Here is a listing, set out below; repeat its lines from the one with "Jupe droite en" to the last, both included, and leave out the pictures.

Supplied data »

-- -- --

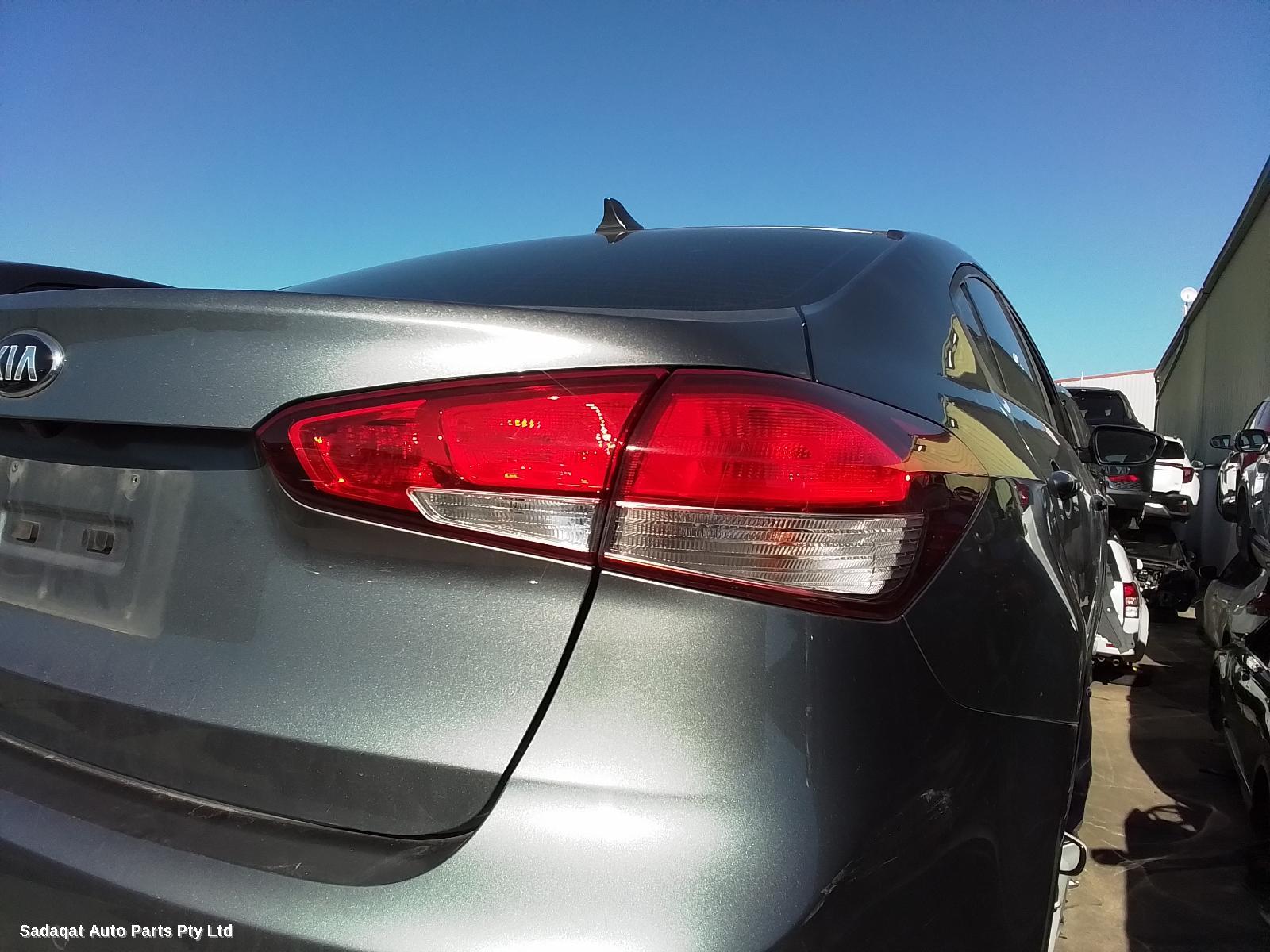 Kia Cerato Right Door Mirror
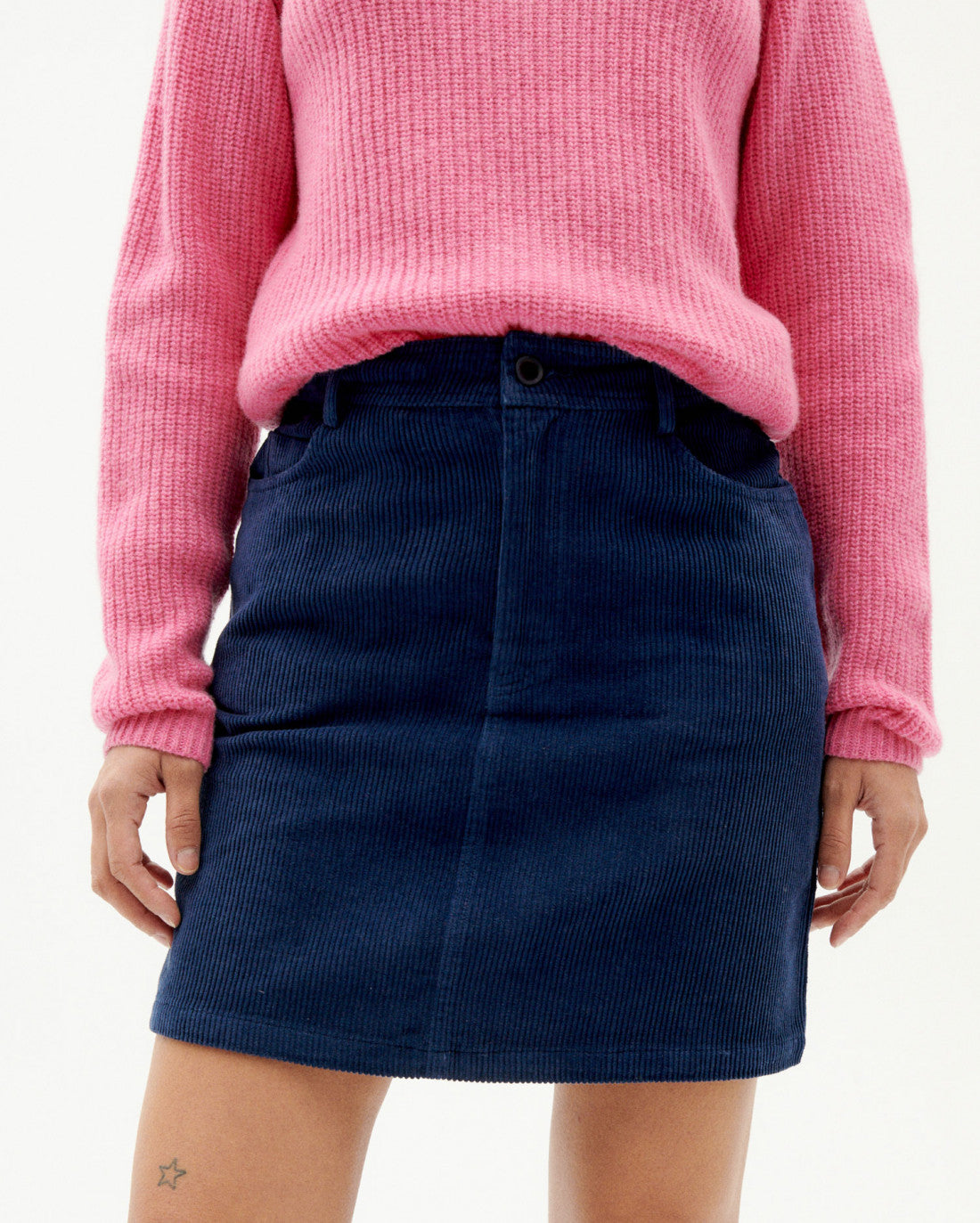 Jupe droite en velours de coton bio | marine "navy corduroy marsha skirt"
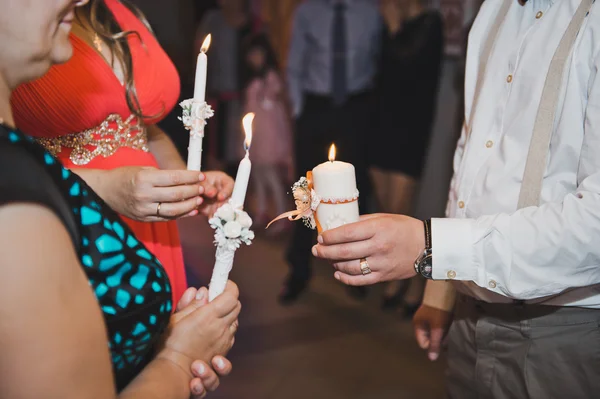 Velas en las manos 1756 . —  Fotos de Stock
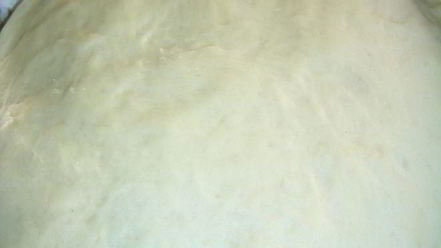 Рецепт нежнейшего порционного пирога с яблоками и вялеными вишнями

-- -- --

Answer below »
 Jupe droite en velours de coton bio | marine "navy corduroy marsha skirt"
 Velas en las manos 1756 . —  Fotos de Stock
 Рецепт нежнейшего порционного пирога с яблоками и вялеными вишнями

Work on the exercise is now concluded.